Task to complete
Repeat word for word the lines starting at the one with "1st Annual Poker" and ending at the final line of the material, both ends included; omit pictures.

Information supplied

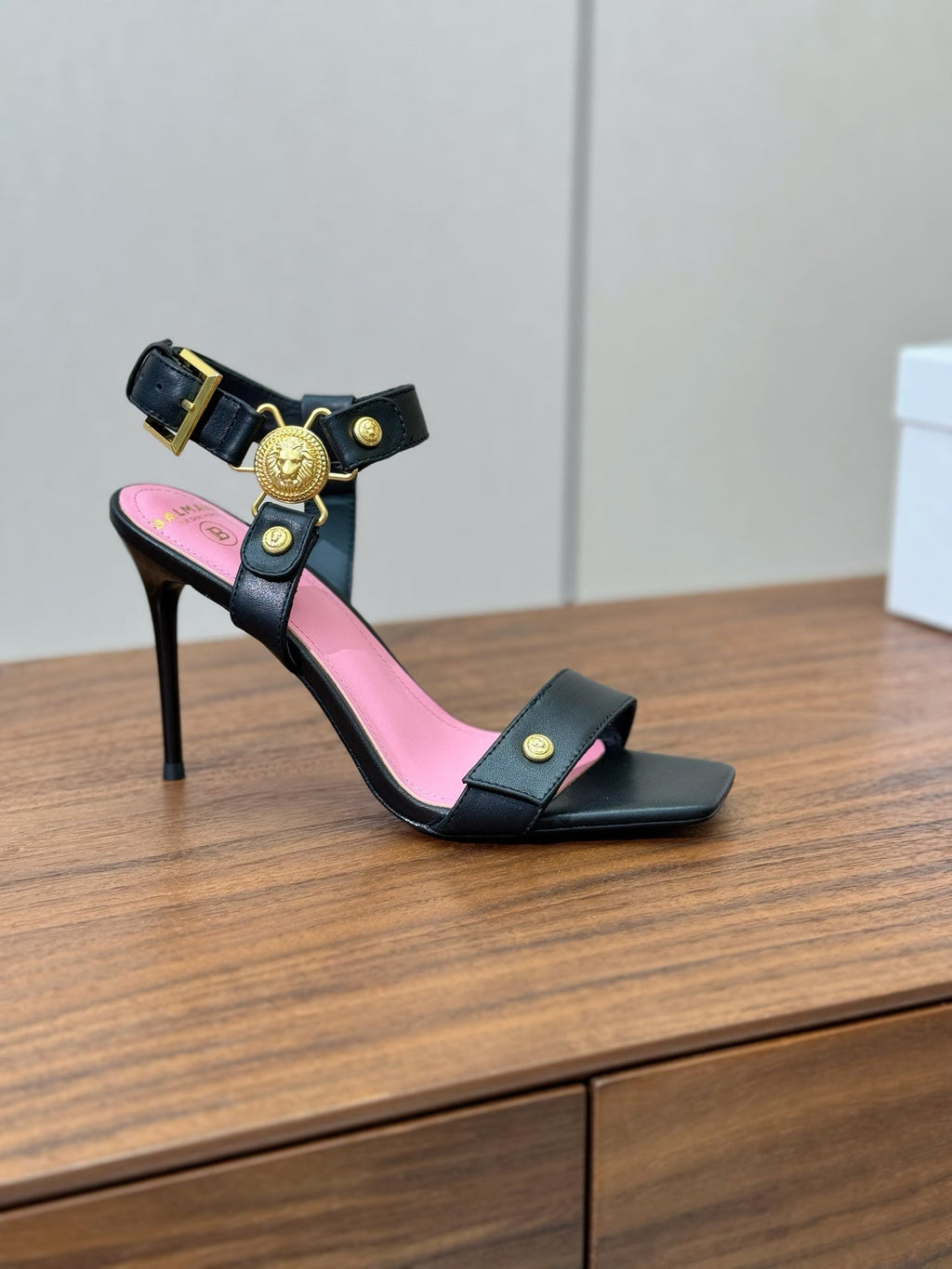 BALMAIN 25S HEELED EVA SANDALS 95MM IN BLACK AND PINK CALFSKIN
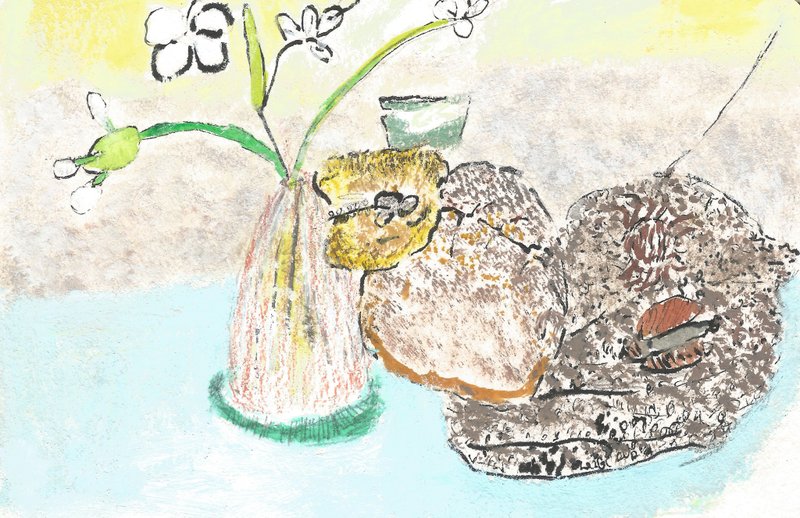 繪畫作品--餐桌上的植物陳列 - 壁貼/牆壁裝飾 - 紙 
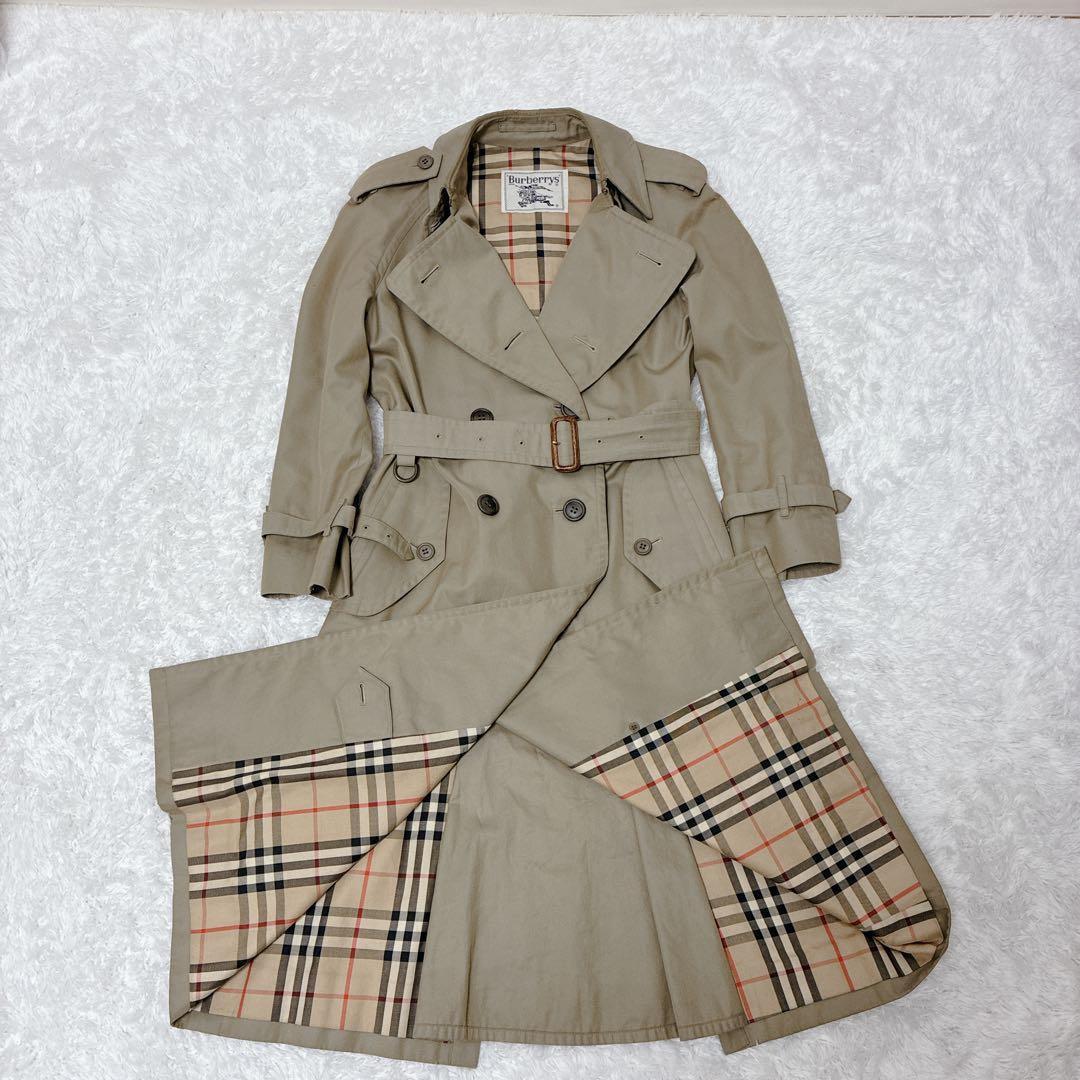 【白タグ】Burberrys バーバリー トレンチコート ノバチェック ベルト付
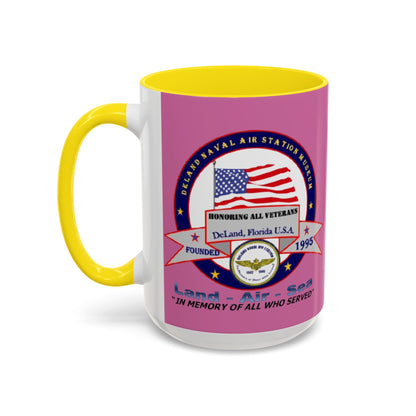 DNASM 2-sided, Founding & Student Art Pink Accent Mug by theGreenDragonTavern.shop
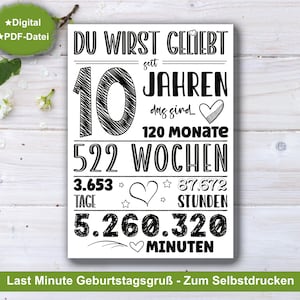 10 Geburtstag Poster Geburtstagskarte 10. Geburtstag Tochter Sohn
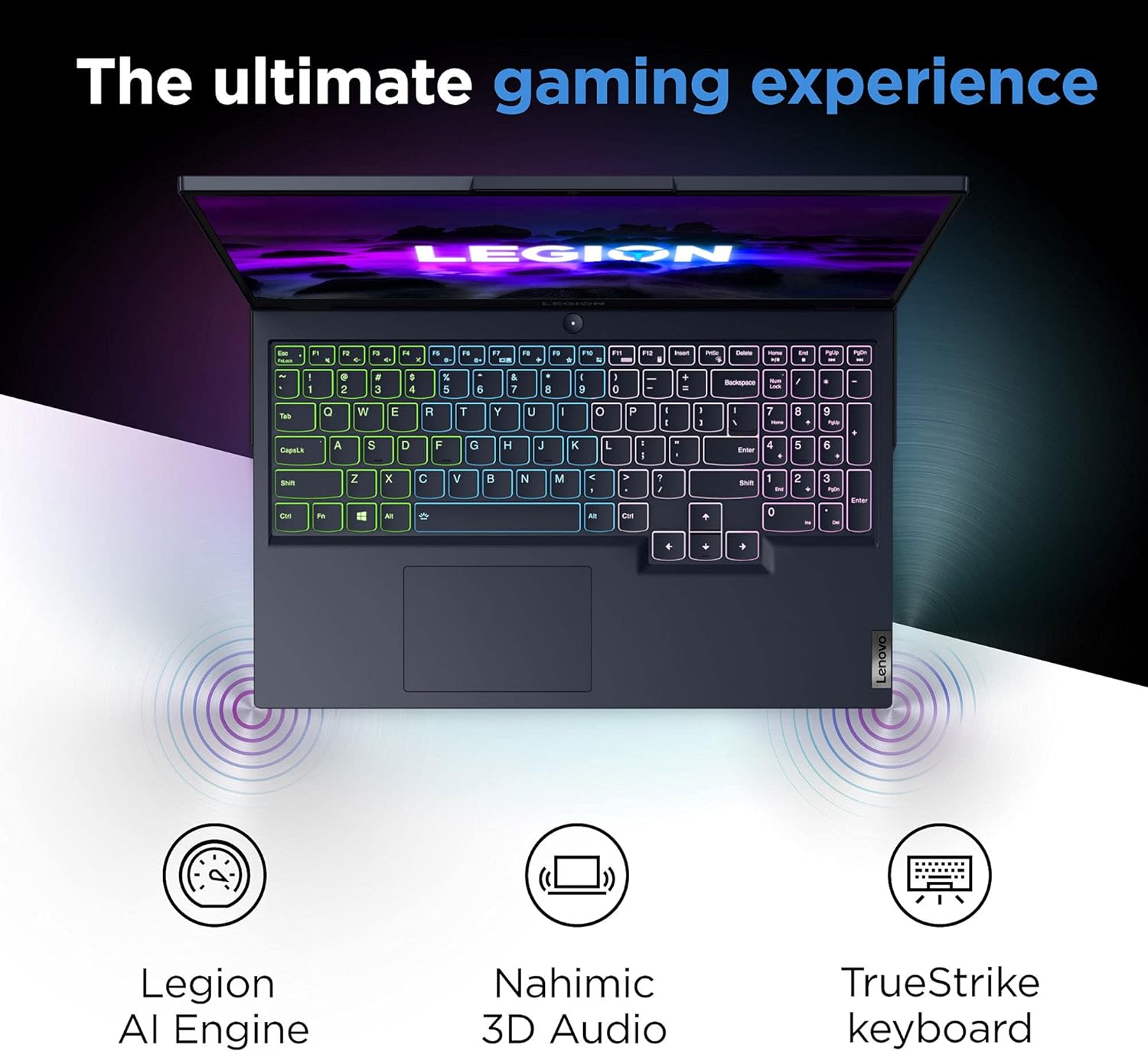 Lenovo Legion 5 Gaming Laptop - Ryzen 7, 16GB RAM, 512GB SSD, GeForce RTX 3050 - Blue 0195713796064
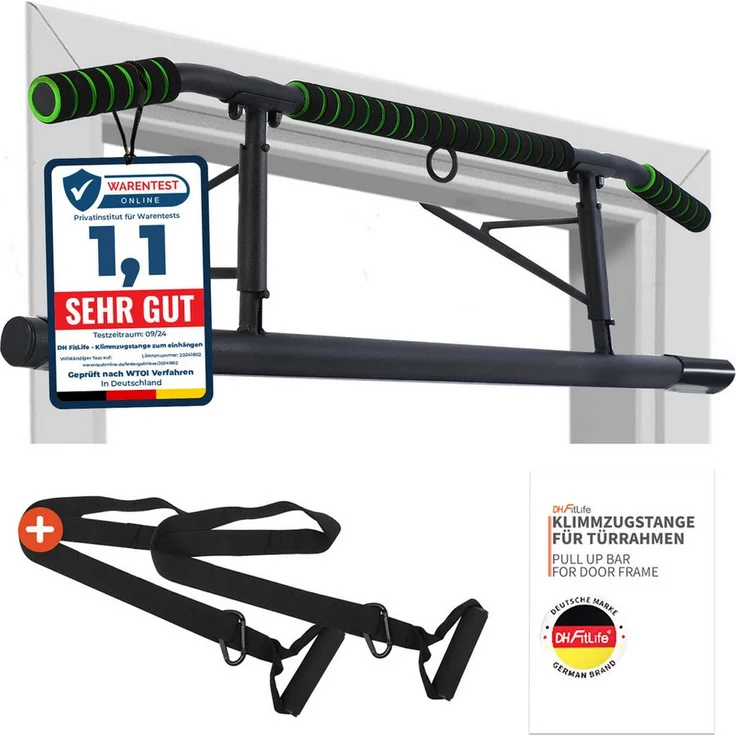 DH FitLife Klimmzugstange Türrahmen ohne Schrauben, 3-in-1 Fitnessgerät für Zuhause, maximale Belastung 200 kg, für Türrahmen 70-92 cm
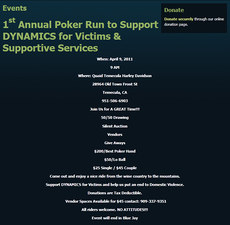 1st Annual Poker Run to Support Dynamics for Victims & Services flyer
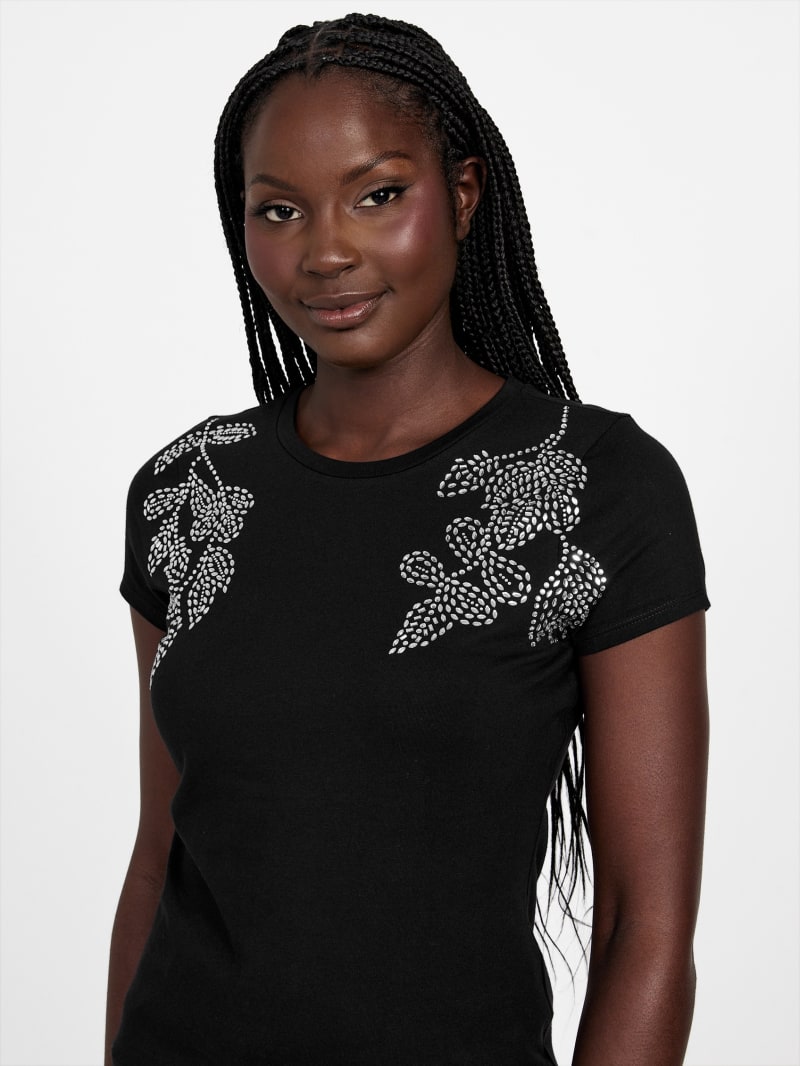 Julianne Floral Rhinestone Tee | GUESS Factory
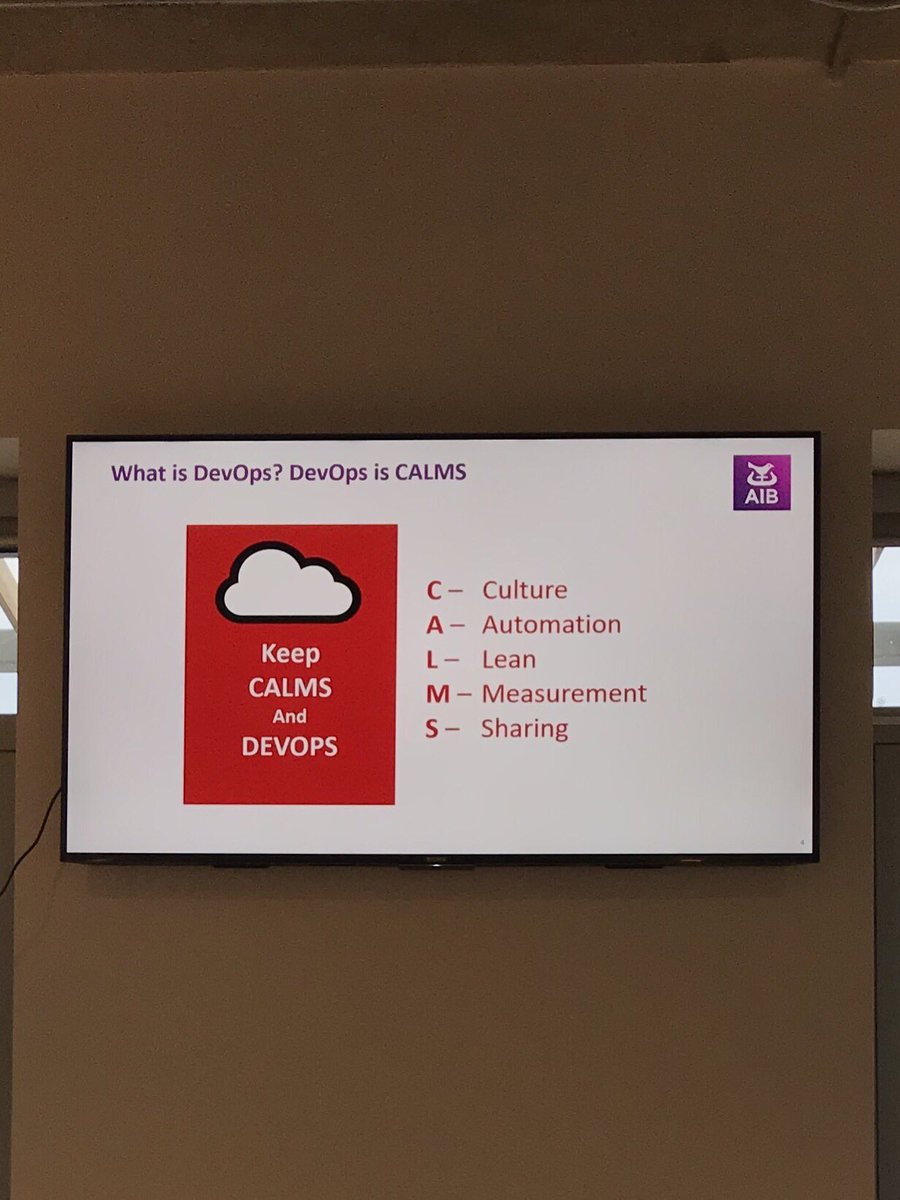 LRDevery's tweet photo. Keep CALMS and DevOps. Listening to Mark Kiely @FirstData #Nenagh #DevOpsNenagh https://t.co/98H6xGlLyK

Solution for this task
 1st Annual Poker Run to Support Dynamics for Victims & Services flyer
 Julianne Floral Rhinestone Tee | GUESS Factory
 LRDevery's tweet photo. Keep CALMS and DevOps. Listening to Mark Kiely @FirstData #Nenagh #DevOpsNenagh https://t.co/98H6xGlLyK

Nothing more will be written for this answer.